Call for fair play for sports facilities

Angry Llandysul residents are calling for fair play for their sports facilities as Ceredigion braces itself for severe budget cuts.

Locals packed Tysul Hall on Wednesday night for a public meeting to discuss county council plans to cut the £20,000 grant received by Cymdeithas Chwaraeon Llandysul to maintain the grounds, used by the village football, cricket and bowls clubs.

Cllr Alun Williams told the meeting, chaired by Cllr Peter Evans, that a severe reduction in funding, passed on from central government had forced difficult decisions throughout the county, as the council had to make savings of £9.6million this year.

Cllr Williams said: “None of this is good news for any of us. I think it’s horrendous, the council has no option but to make these savings. It’s very tough for the whole county.”

He added that of the 40 sports clubs in Ceredigion with grass pitches, only Llandysul and Penparcau were given this type of financial assistance for maintainance, while others raised funds and worked with volunteers, often on top of paying leases.

He added that the county would provide assistance in helping the clubs to make arrangements.

“I’m quite sure that with the strength that is in Llandysul sports club, it can be successful.”

Cllr Peter Evans thanked groundsman Mike Turner for his work.

He said: “The playing fields in Llandysul are the envy of the county.

”We are all eager to keep and maintain the playing field in their present condition and preserve them for the generations which follow us.”

Bowls Club secretary Neil Watkins said: “I feel that it’s a huge injustice here that we are being told they are taking our money away. There has been no consultation.”

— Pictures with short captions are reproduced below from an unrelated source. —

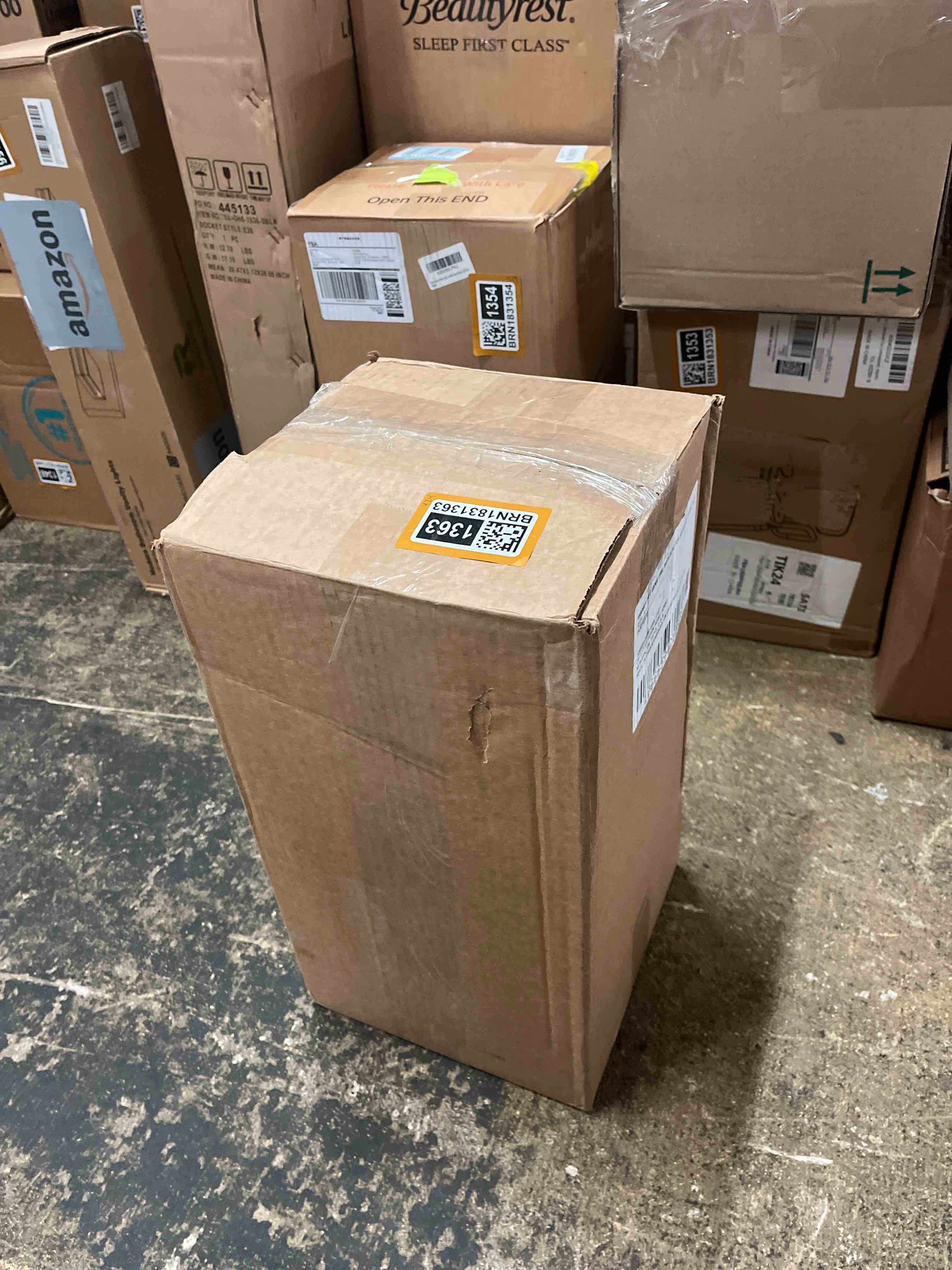 https://s3.amazonaws.com/lotting-images-prod/phillipi/BRN1831363_1758230845955.jpeg
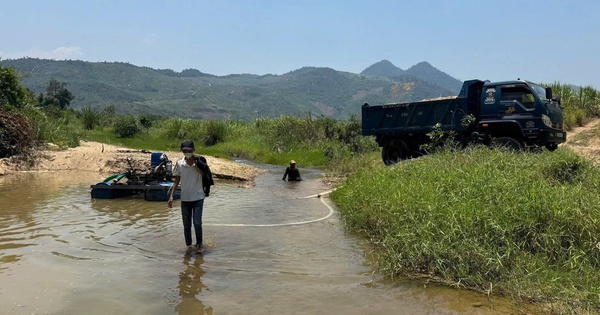 Khánh Hòa: “Cát tặc” hoạt động giữa trưa, bố trí người cảnh giới
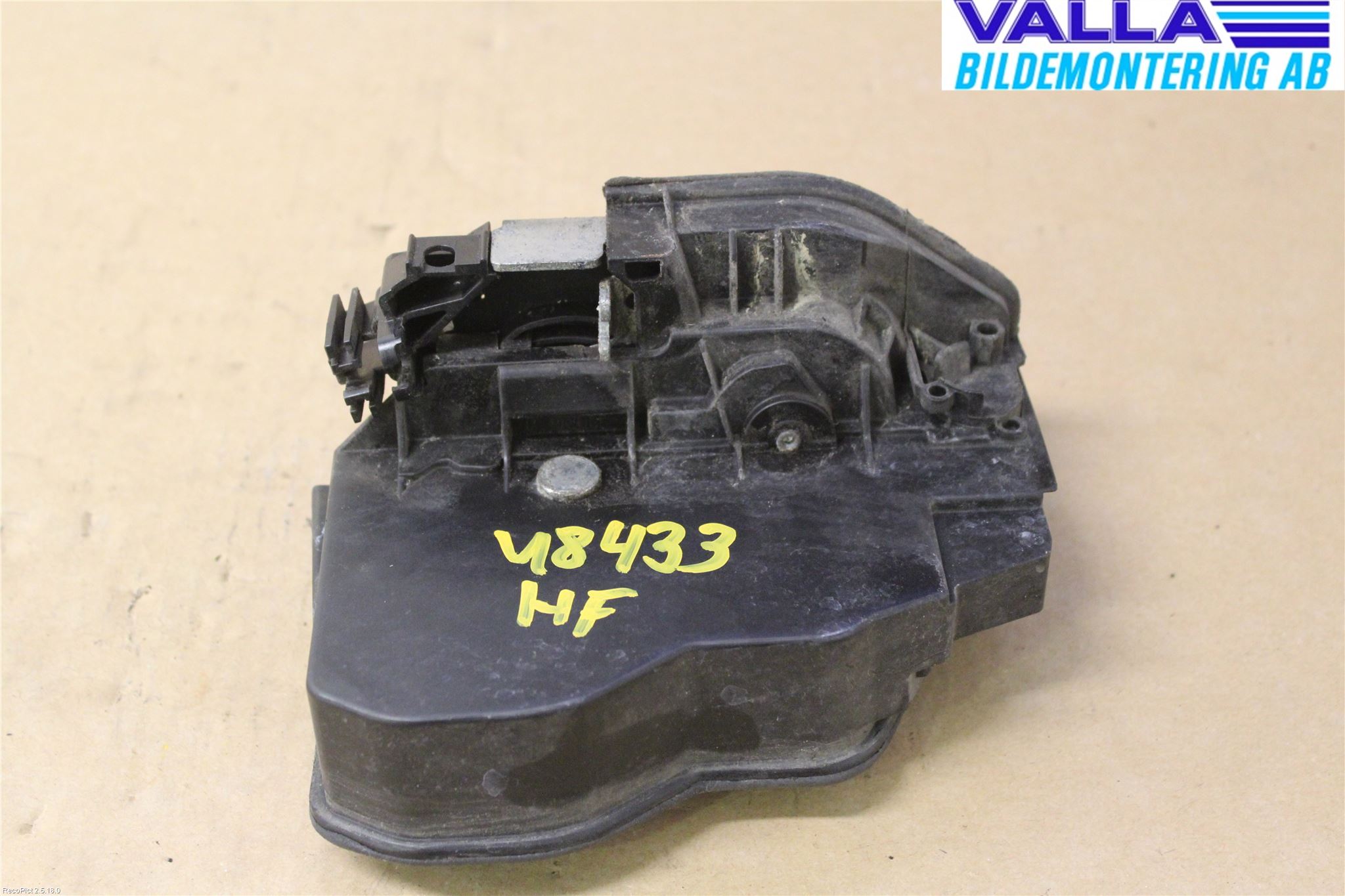 BMW X3 E83     03-10 Låskista-Dörrlås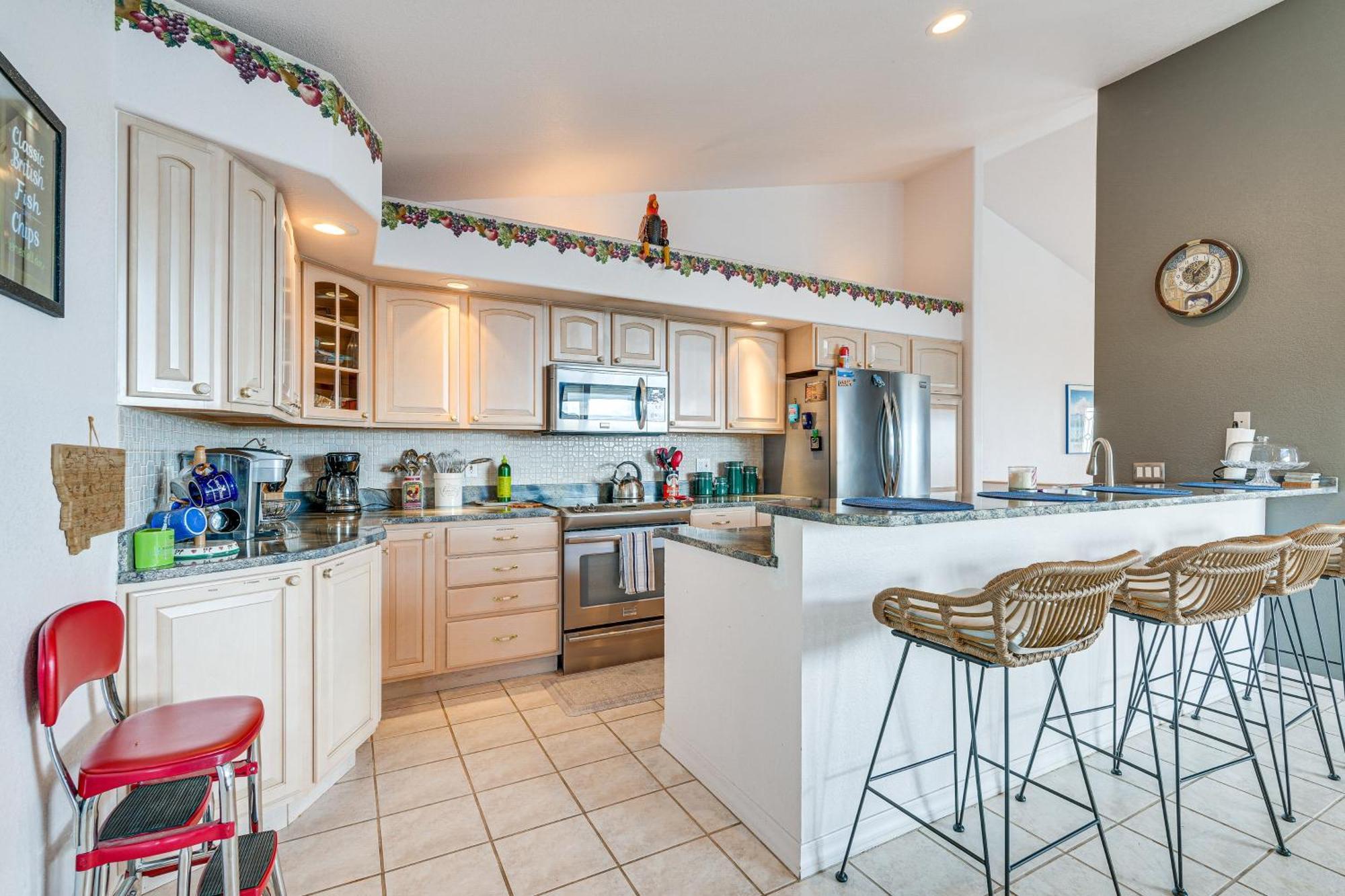 Inviting Great Falls Home With Wraparound Deck! מראה חיצוני תמונה
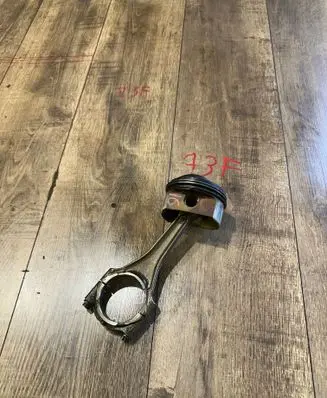 Audi Q7 4L Piston with connecting rod 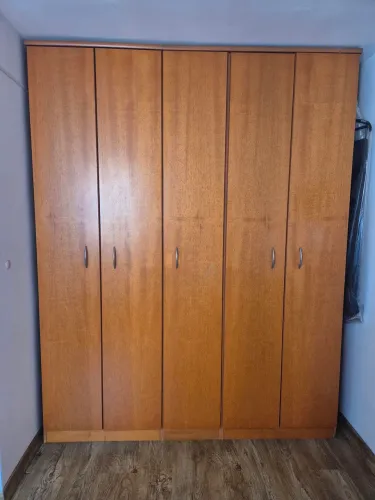 Guarda-roupa grande de madeira, 6 portas e 6 gavetas - ótimo estado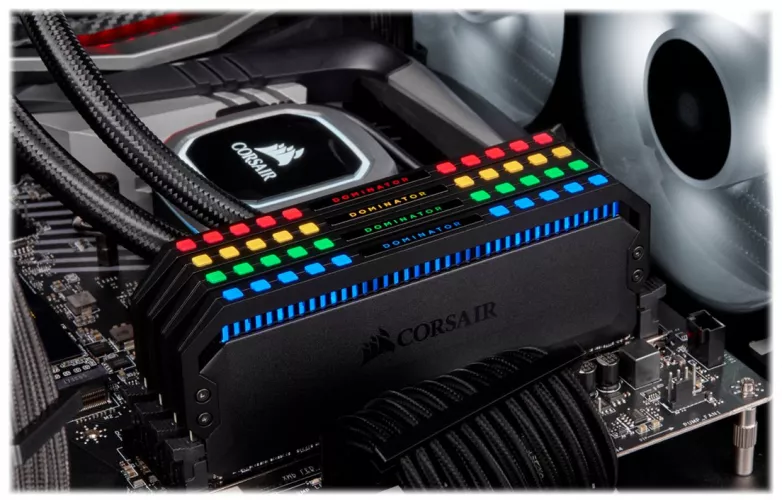 CORSAIR Dominator Platinum DDR4 32GB 【公式通販】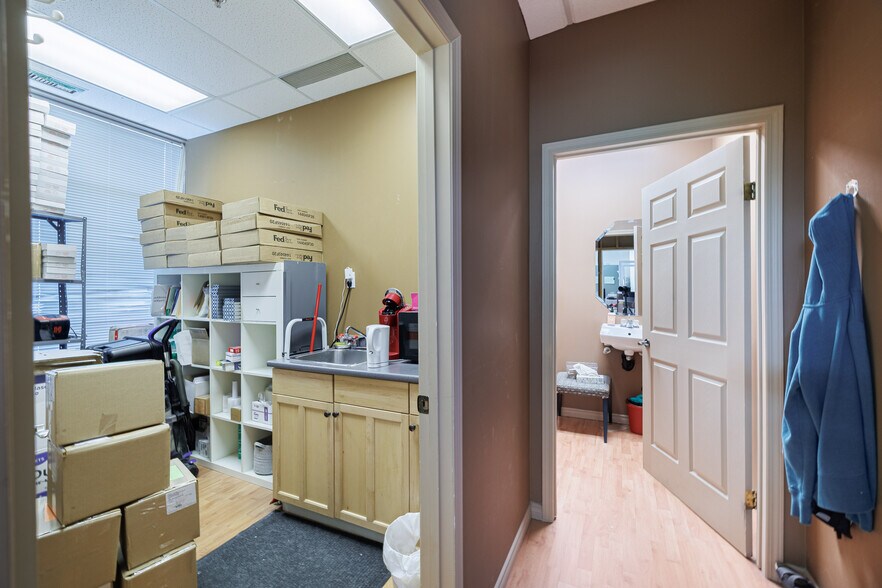 More Photos Of 6701-6777 Fairmount Dr SE, Calgary Warehouse For Lease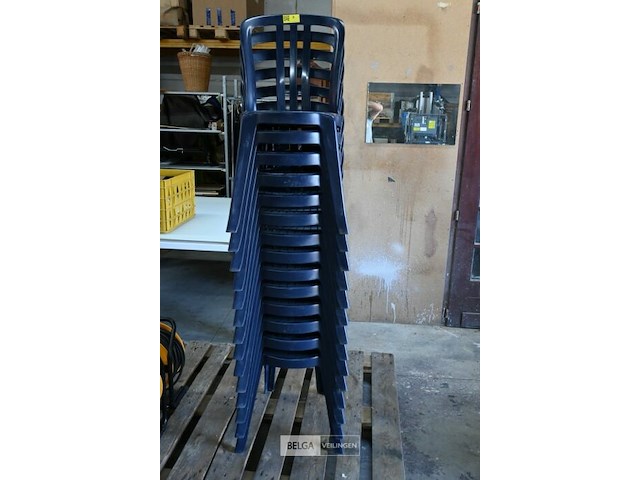 Stapelbare blauwe kunststof tuinstoelen (14x) - afbeelding 1 van  1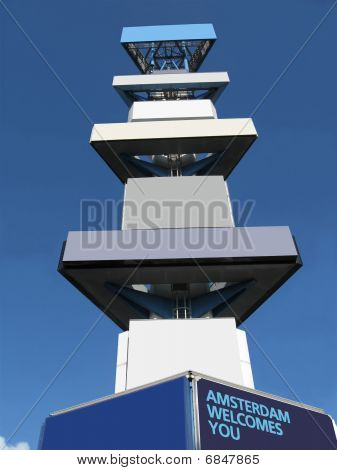 Tom reklame bord konstruktion, blå himmel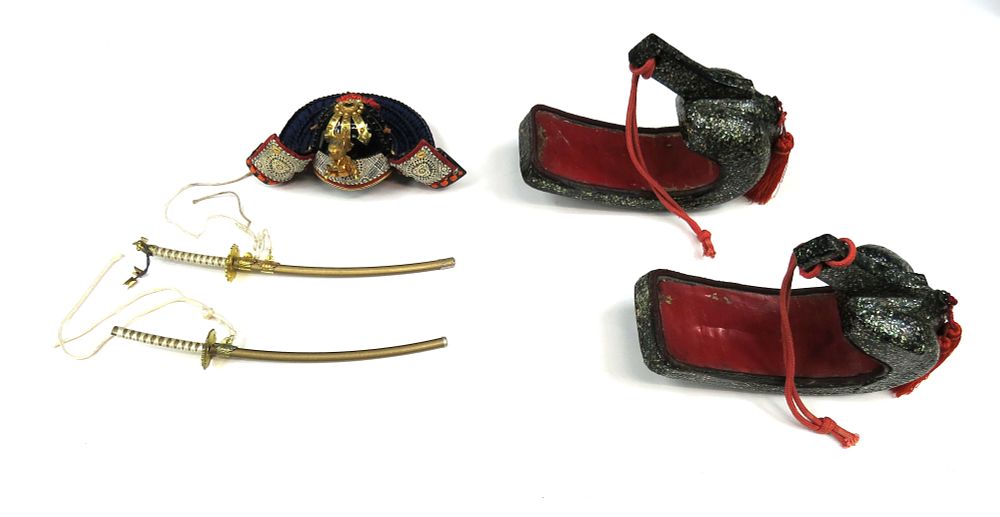Lot 186: A RARE PAIR OF JAPANESE SAMURAI BOYS ABUMI STIRRUPS
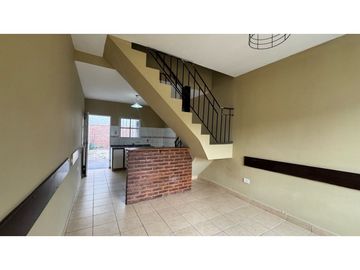 Alquiler duplex 3 Amb  en moreno sur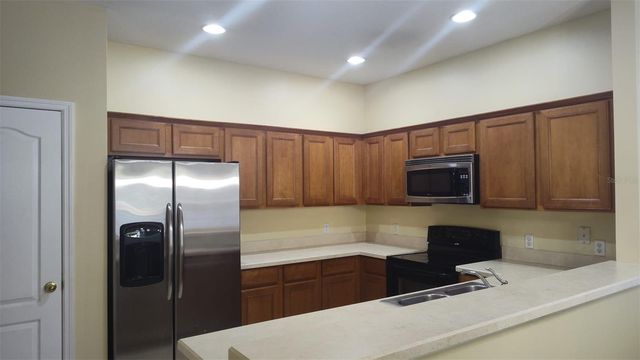 7129 RED LANTERN DRIVE 7129, Harmony, FL 34773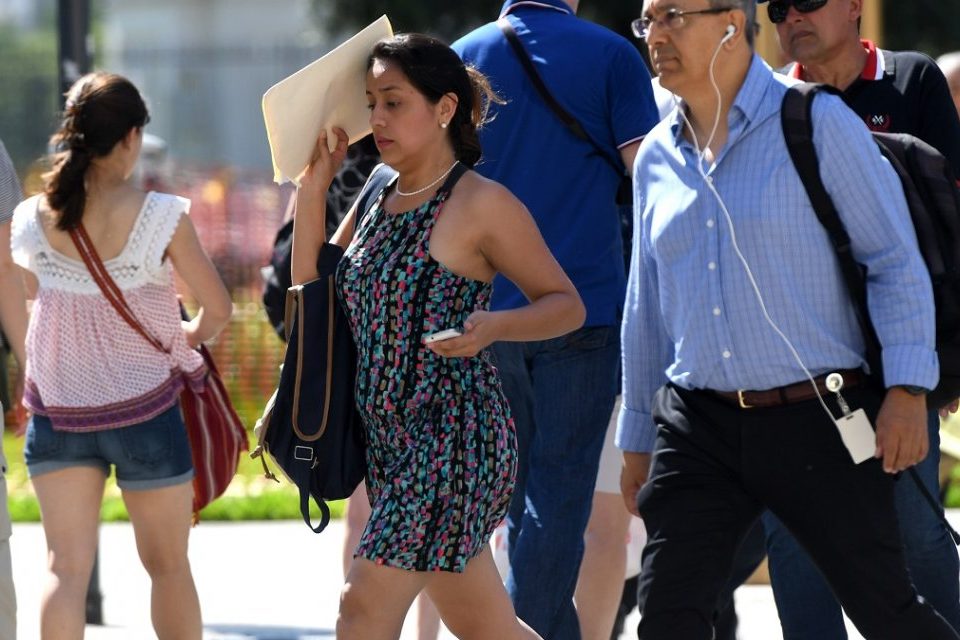 SE RENOVÓ EL ALERTA NARANJA POR EL CALOR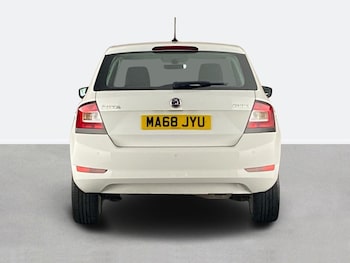 Used Skoda Fabia 2018 for sale - 76177358: Photo 4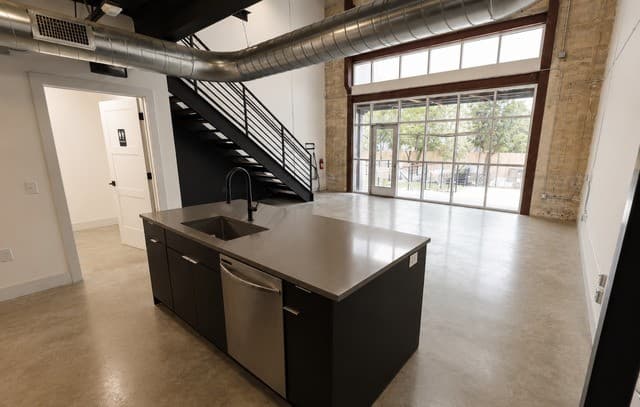 rental at 215  Coca Cola Pl Unit 311 in San Antonio, TX — photo 2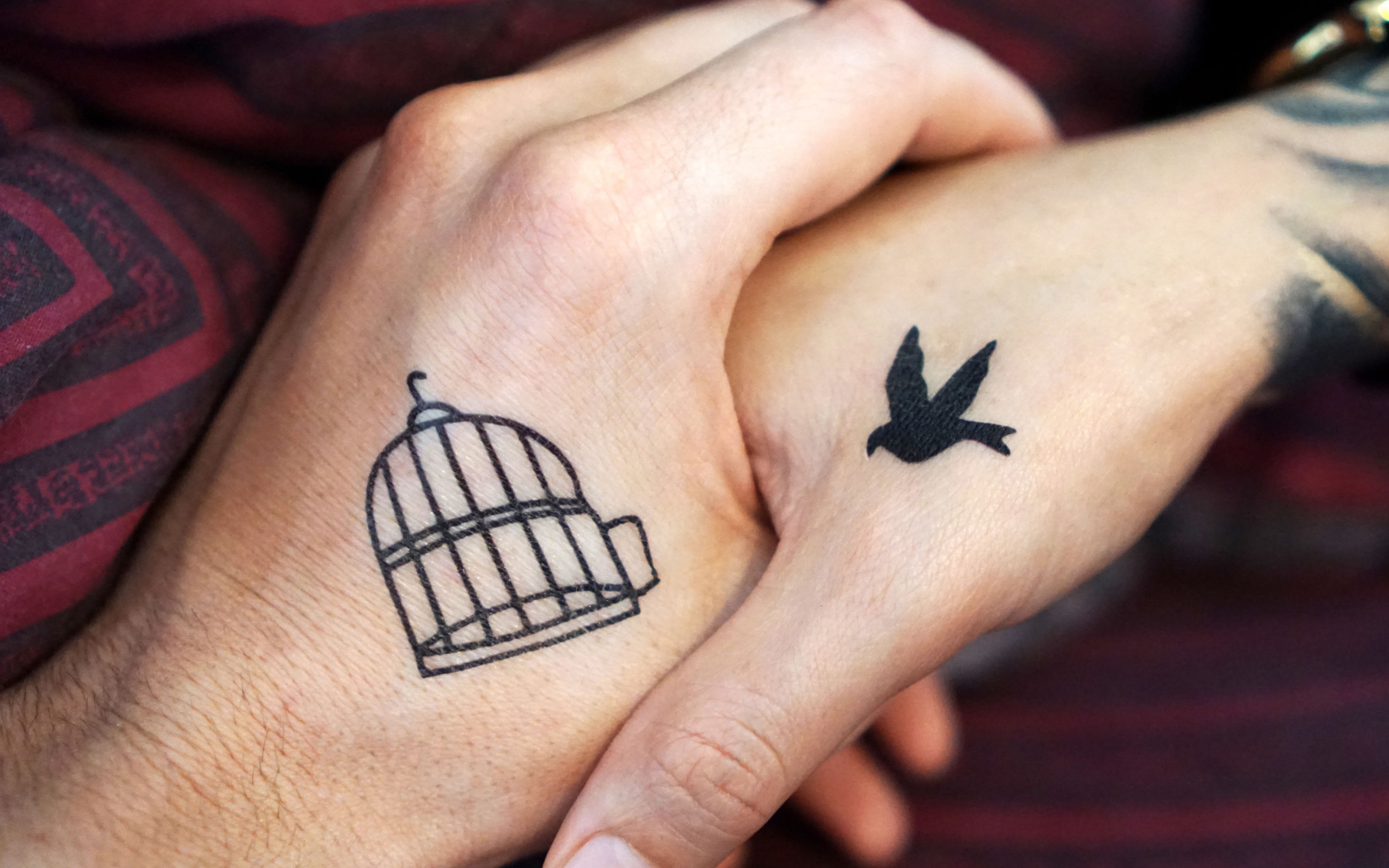 Влюбленная пара с татуировками на руках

A member of the public said: “You are taking the heart and soul out of Llandysul once again, and we are stuck in the quagmire.”

Another added: “I feel that the community of Llandysul have had more than our fair share of cuts.”

A local cricket team member said: “Llandsyul cricket club is one of the best ambassadors for Llandysul and Ceredigion, and yet this is what happens to us. I think we are being treated very unfairly by Ceredigion.”

Community Councillor and Cymdeithas Cwaraeron member Keith Evans said: “We are the poor relation in Ceredigion.

“We have witnessed over the years that it’s the smallest communities that are picked on. All we ask is for parity, and for you to look again at your budget deficit. There are other ways of making cuts.”

Residents added that the area was used by the whole community, including the local schools, and one local suggested a section could be used as allotments to generate income.

Another resident stated: “We can’t carry on accepting cuts. We need to know we are being treated equally with other communities in Ceredigion.”

Cllr Evans told the meeting that the football club would now be looking for sponsorship as a way forward to help cover costs.

He added: “Difficult decisions have been made and these are the consequences. It’s alright to vent your spleen, but we have to move forward and find solutions.”